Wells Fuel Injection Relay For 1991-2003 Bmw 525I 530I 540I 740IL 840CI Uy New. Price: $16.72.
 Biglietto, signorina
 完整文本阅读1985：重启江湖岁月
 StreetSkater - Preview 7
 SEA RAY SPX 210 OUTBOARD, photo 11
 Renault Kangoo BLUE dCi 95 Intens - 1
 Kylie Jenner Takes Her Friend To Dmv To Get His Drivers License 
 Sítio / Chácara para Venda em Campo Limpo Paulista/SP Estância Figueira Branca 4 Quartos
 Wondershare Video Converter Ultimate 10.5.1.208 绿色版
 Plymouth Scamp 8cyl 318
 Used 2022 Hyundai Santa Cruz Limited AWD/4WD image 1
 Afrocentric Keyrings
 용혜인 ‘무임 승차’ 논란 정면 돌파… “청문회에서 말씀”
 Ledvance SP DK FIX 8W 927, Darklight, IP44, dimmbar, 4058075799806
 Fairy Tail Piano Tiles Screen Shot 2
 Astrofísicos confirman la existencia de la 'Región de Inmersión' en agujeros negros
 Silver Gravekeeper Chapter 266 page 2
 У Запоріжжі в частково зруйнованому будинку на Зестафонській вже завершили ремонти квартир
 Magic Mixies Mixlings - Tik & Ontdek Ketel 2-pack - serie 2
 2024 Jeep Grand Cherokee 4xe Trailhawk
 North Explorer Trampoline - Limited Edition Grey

• • • •

- What is being asked
Lines with "Limited": find them in the data and copy each one.

- Finished task
 Used 2022 Hyundai Santa Cruz Limited AWD/4WD image 1
 North Explorer Trampoline - Limited Edition Grey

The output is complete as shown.